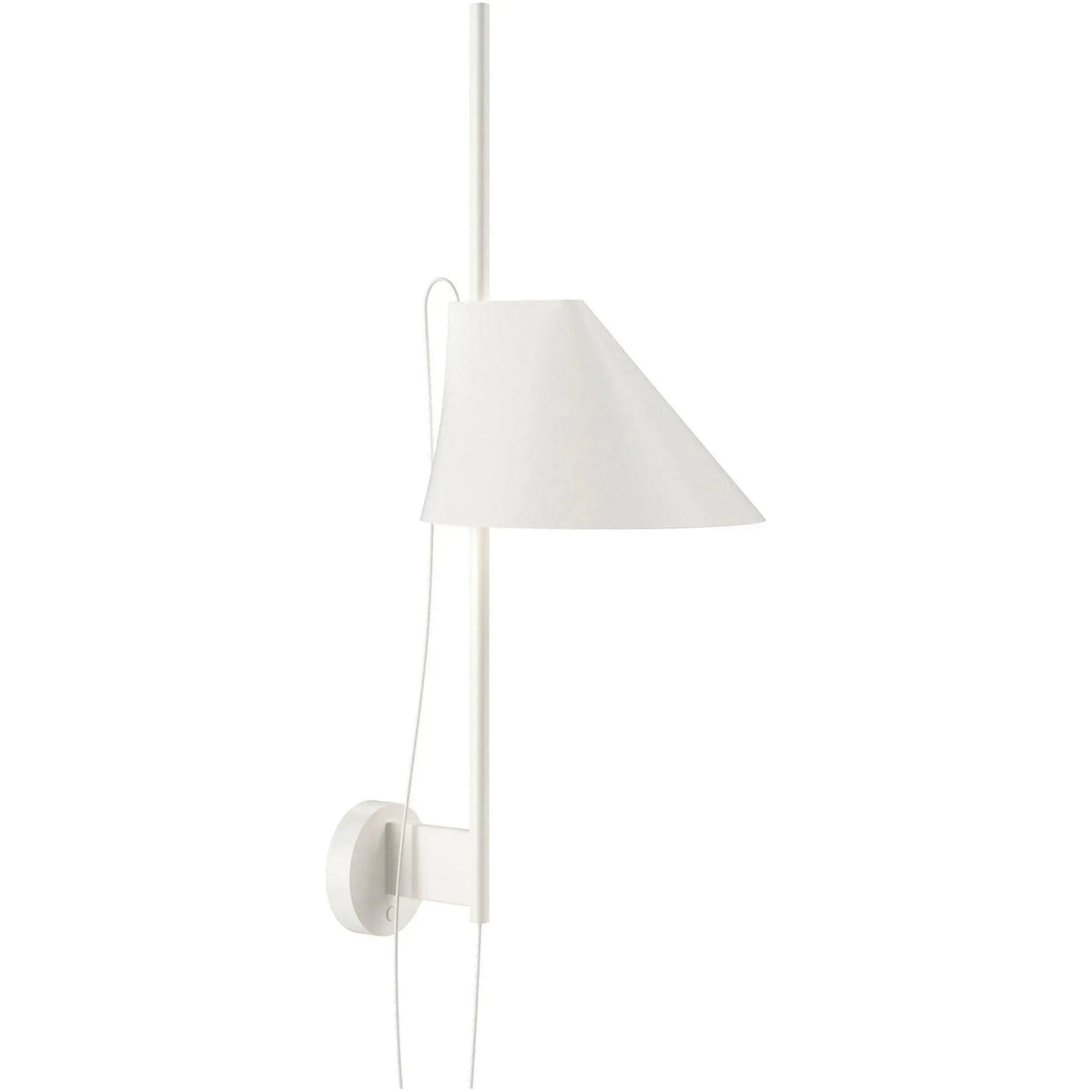 Louis Poulsen - Yuh Wall Light - 5743905328 | Montreal Lighting & Hardware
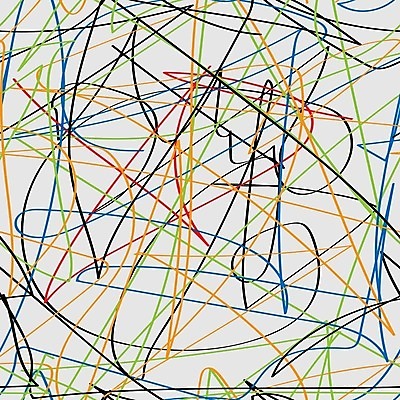 EPS 해외이미지 모양 손 디자인 종이 선 백그라운드 패턴 일러스트 벽지 추상 잉크 미술 그래픽 장식 펜 유행 검은색 페인트 덮개 흰색 직물 붓 낙서 인쇄 스케치 그림 질감 심플 그런지 엘리먼트 타격 포장소품 스타일 해외202004 해외일러스트 컬러 무늬 포장 모션 문화예술 신체부위 필기구 뚜껑 오브젝트 포장재료 파일형식 벡터 이미지허브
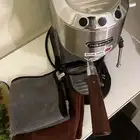 الة اسبريسو ديلونجي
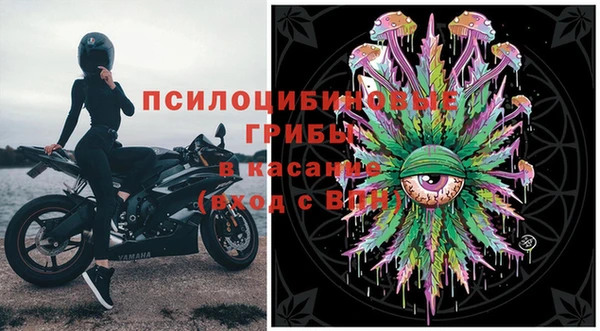 гидропоника Касимов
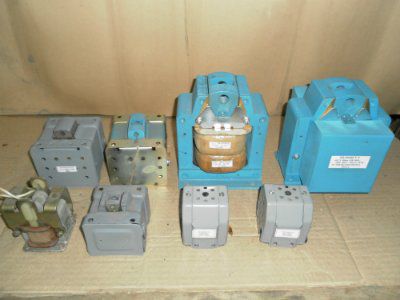 ���������������������� �������������� / ��-10101, 10102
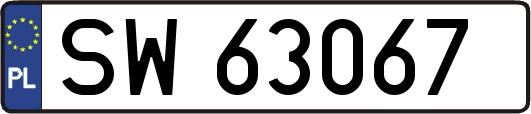 SW63067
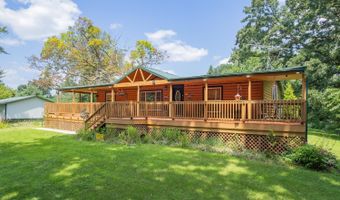 15816 Sanford, Addison, MI 49220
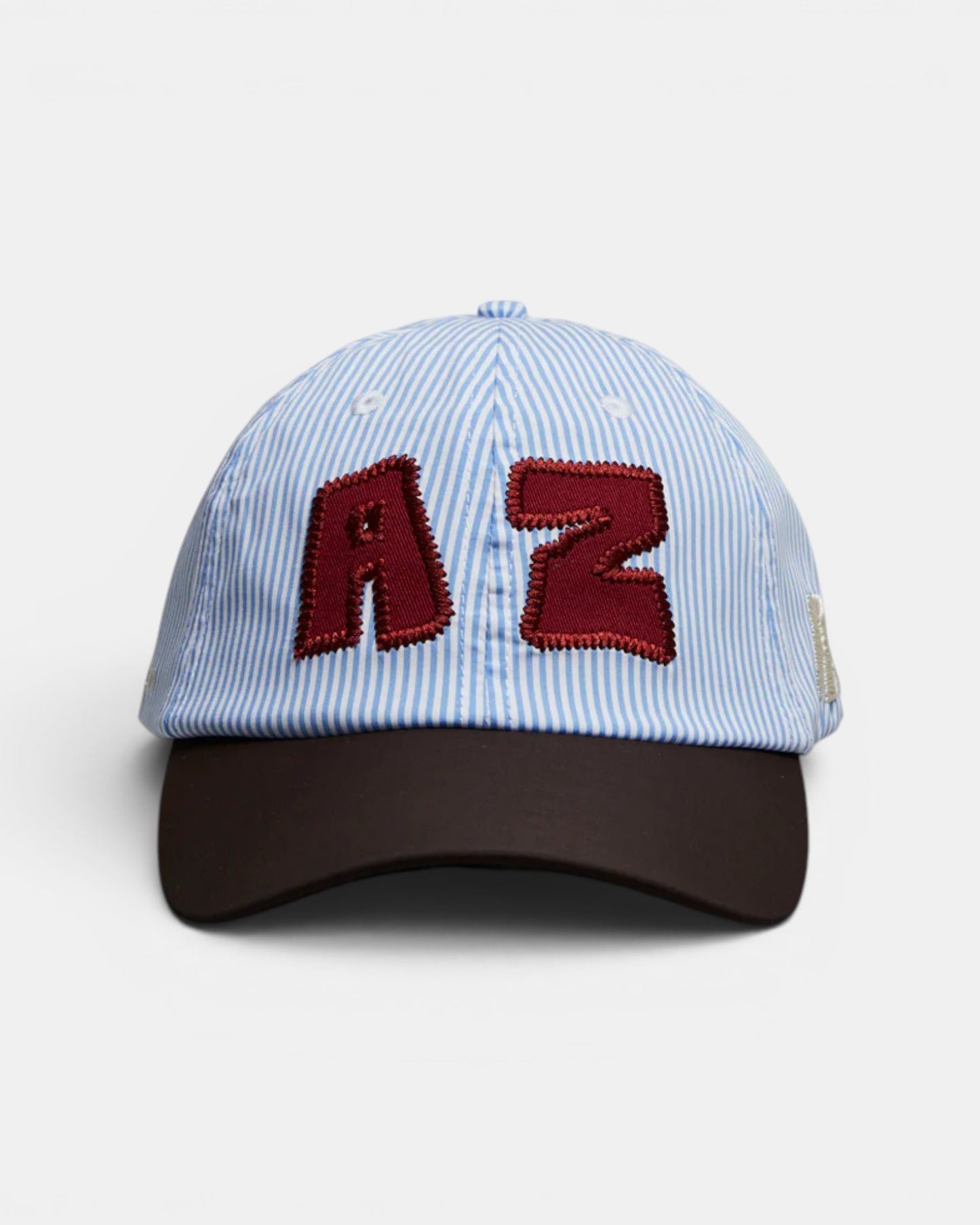 {M.Lu} Alex Zono Dad Cap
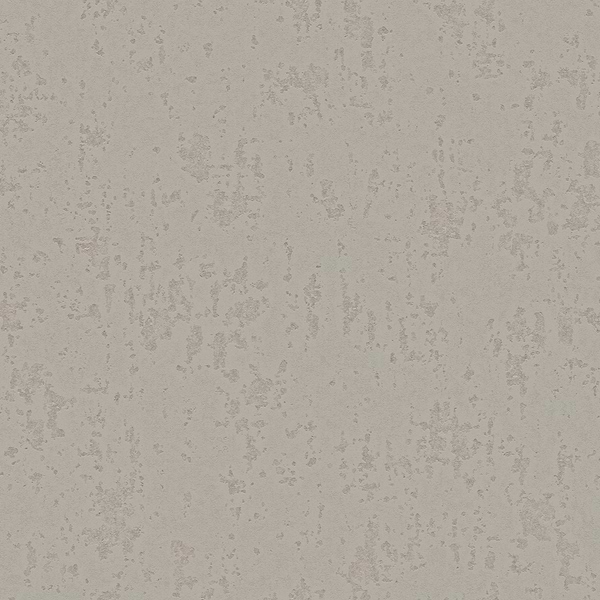 Sandstone-Behang-Tapete-Omexco by Arte-11-Meter (M1)-HPP611-Selected Wallpapers
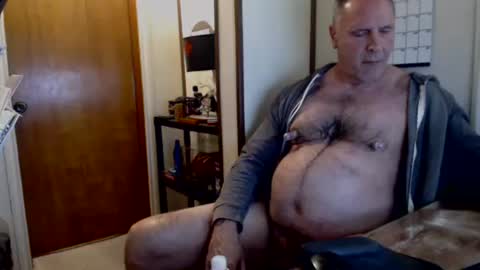 Jayson online show from 05/02/26, 02:11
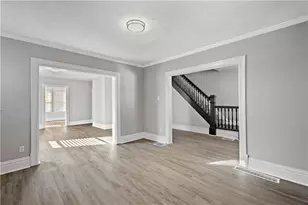 506 Berwin Ave, Pittsburgh, PA 15226 - Photo 5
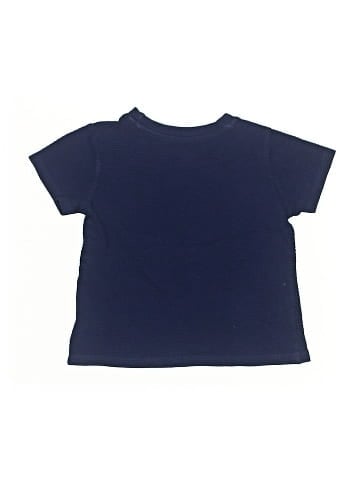 Crown & Ivy Short Sleeve T-Shirt (view 2)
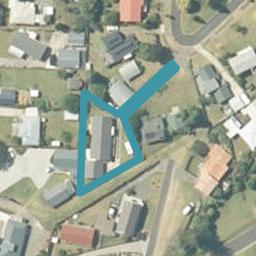 23 Kauri Place, Tairua, Tairua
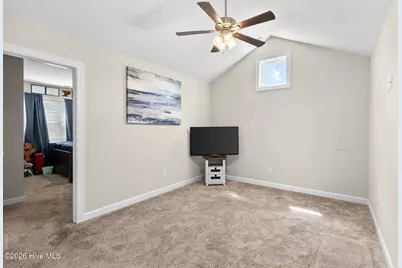 104 Fox Ridge Drive, Jackson Springs, NC 27281 - Photo 33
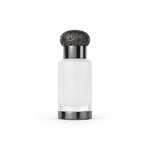 Musk Tahara By SILLAGE ARABIA
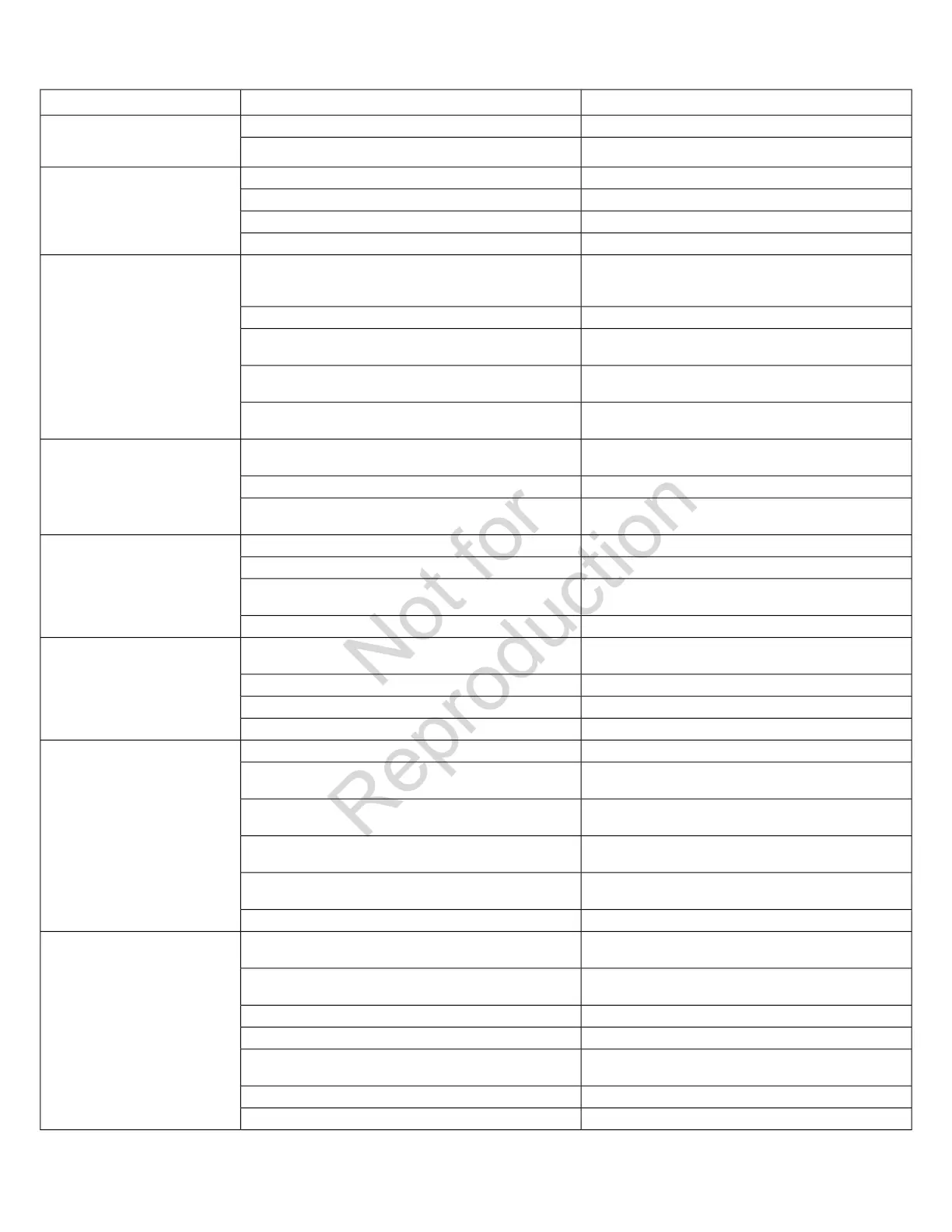 Page #64 background image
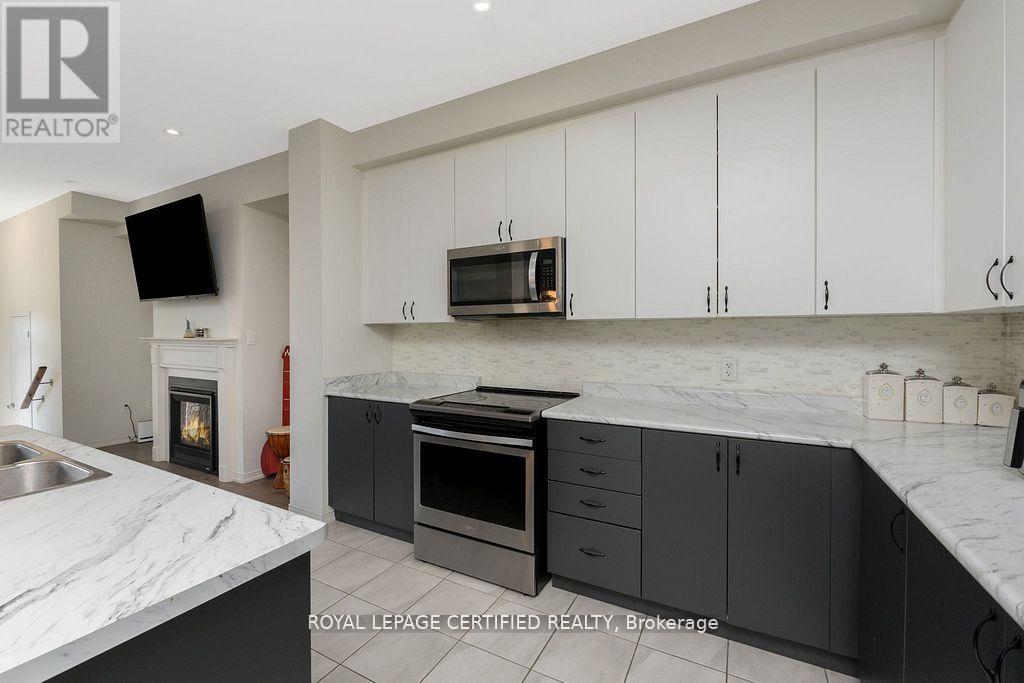 2 - 25 Elliot Street E, Centre Wellington, Ontario  N1M 0H6 - Photo 15 - X12982038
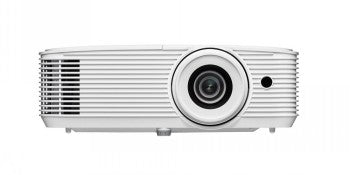 OPTOMA EH401 4000ANSI FHD PROJECTOR 1.5-1.66:1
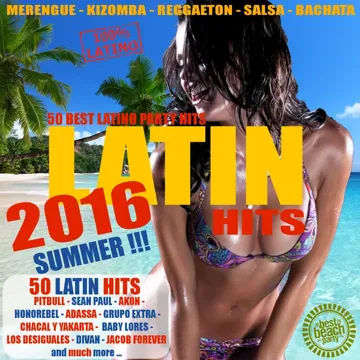 Solo Tu-cover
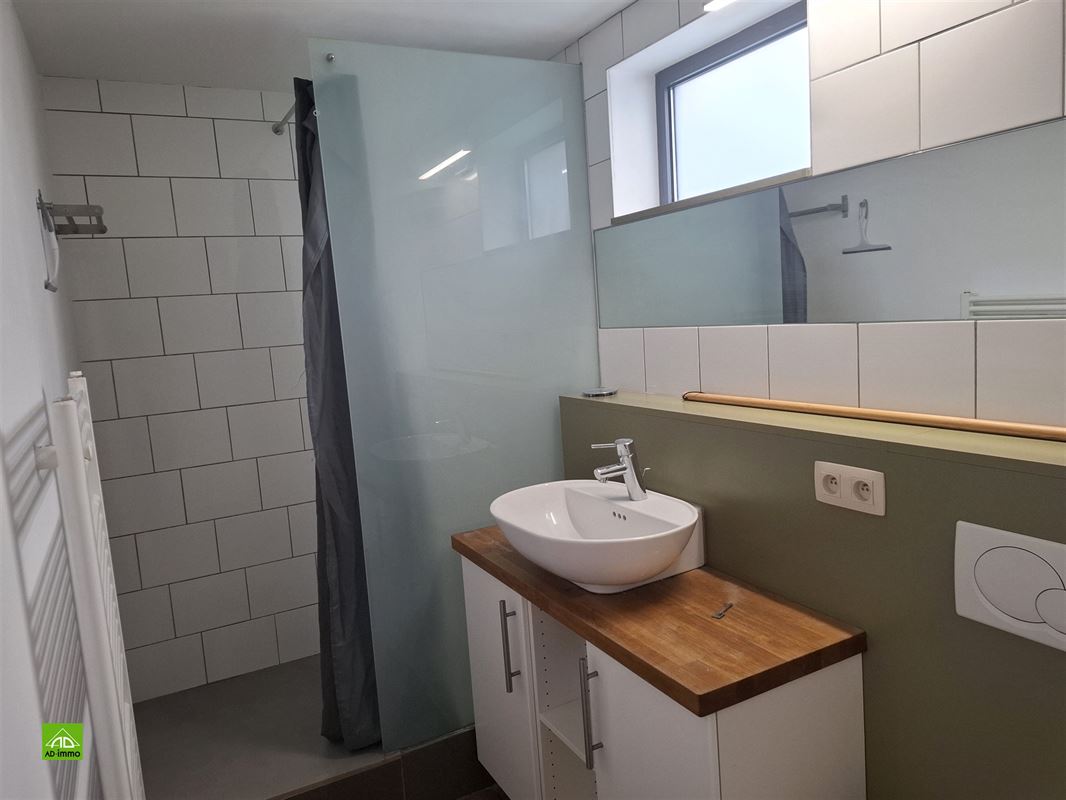 Image 13 : appartement à 5000 NAMUR (Belgique) - Prix 910 &euro;
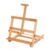 Heavy-Duty Folding Easel, Style to 1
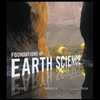 Foundations of Earth Science (8th Edition)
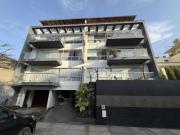 Oportunidad en Surco: Departamento 2do piso, $285,000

────────

Reproduce the lines from the line containing "Sandstone-Behang-Tapete-Omexco by Arte-11-Meter" through the end of the records above, exactly and inclusively, omitting pictures.

 Sandstone-Behang-Tapete-Omexco by Arte-11-Meter (M1)-HPP611-Selected Wallpapers
 Jayson online show from 05/02/26, 02:11
 506 Berwin Ave, Pittsburgh, PA 15226 - Photo 5
 Crown & Ivy Short Sleeve T-Shirt (view 2)
 23 Kauri Place, Tairua, Tairua
 104 Fox Ridge Drive, Jackson Springs, NC 27281 - Photo 33
 Musk Tahara By SILLAGE ARABIA
 Page #64 background image
 2 - 25 Elliot Street E, Centre Wellington, Ontario  N1M 0H6 - Photo 15 - X12982038
 OPTOMA EH401 4000ANSI FHD PROJECTOR 1.5-1.66:1
 Solo Tu-cover
 Image 13 : appartement à 5000 NAMUR (Belgique) - Prix 910 &euro;
 Heavy-Duty Folding Easel, Style to 1
 Foundations of Earth Science (8th Edition)
 Oportunidad en Surco: Departamento 2do piso, $285,000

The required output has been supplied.